- REQUIRED ACTION -
Repeat the listing word for word. Leave every picture out.

- DATA EXCERPT -
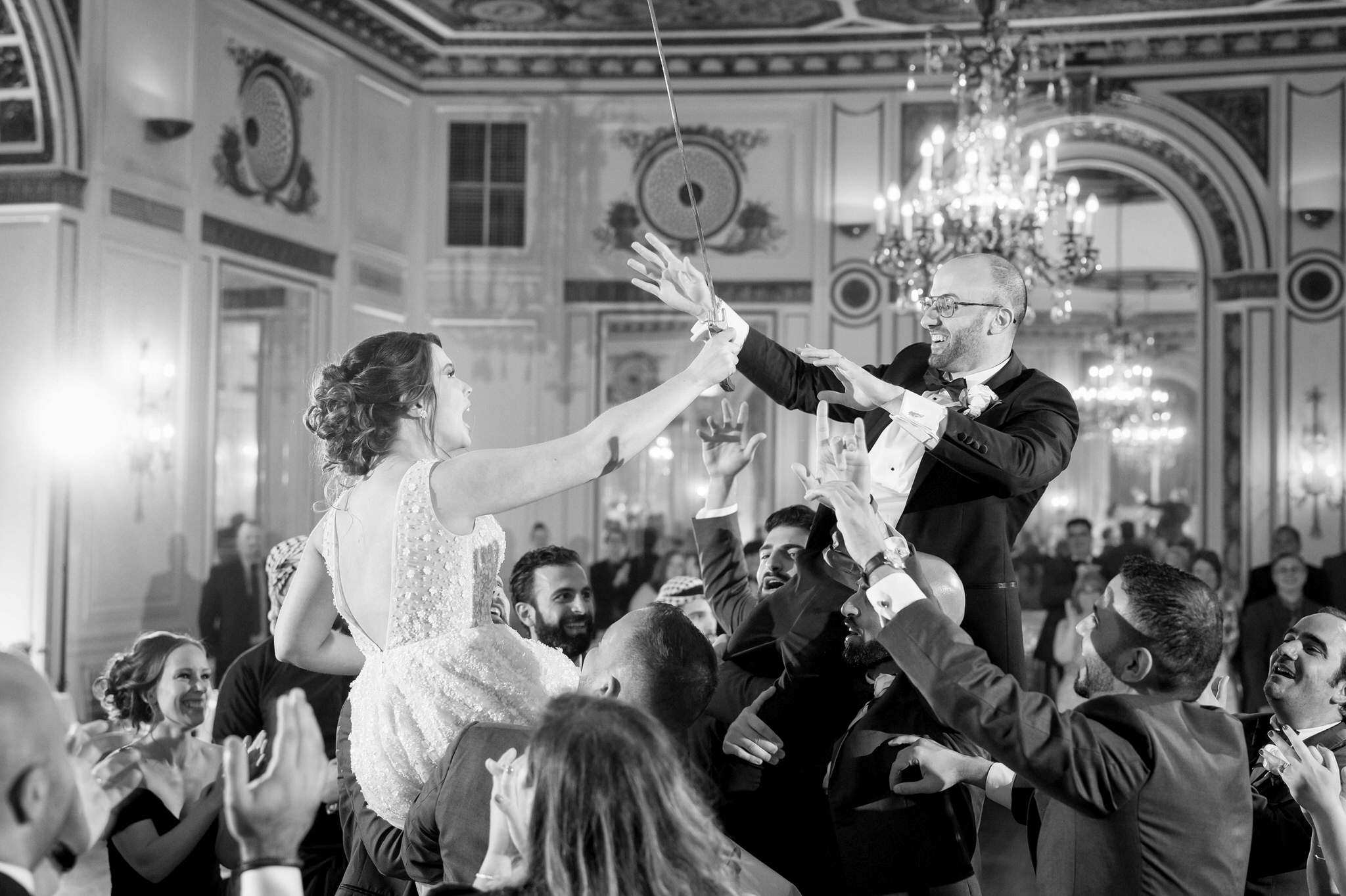 bride and groom sit on the shoulders of guests on the dance floor at their Colony Club wedding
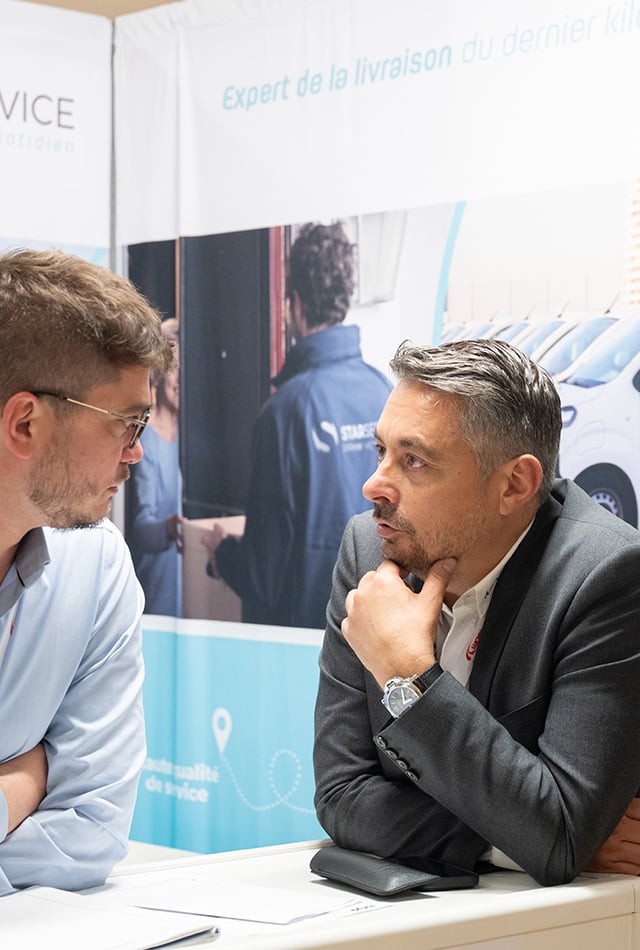 Deux hommes face à face devant une affiche avec un livreur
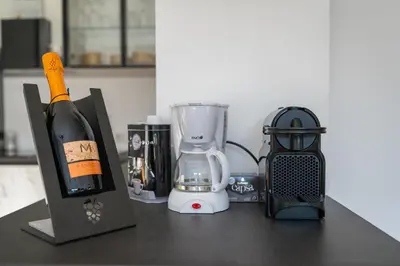 a counter top with a blender and a bottle of wine at Ausblick Kleinjuwel mit Panoramablick + Garage in Merano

- RESPONSE TO THIS TASK -
 bride and groom sit on the shoulders of guests on the dance floor at their Colony Club wedding
 Deux hommes face à face devant une affiche avec un livreur
 a counter top with a blender and a bottle of wine at Ausblick Kleinjuwel mit Panoramablick + Garage in Merano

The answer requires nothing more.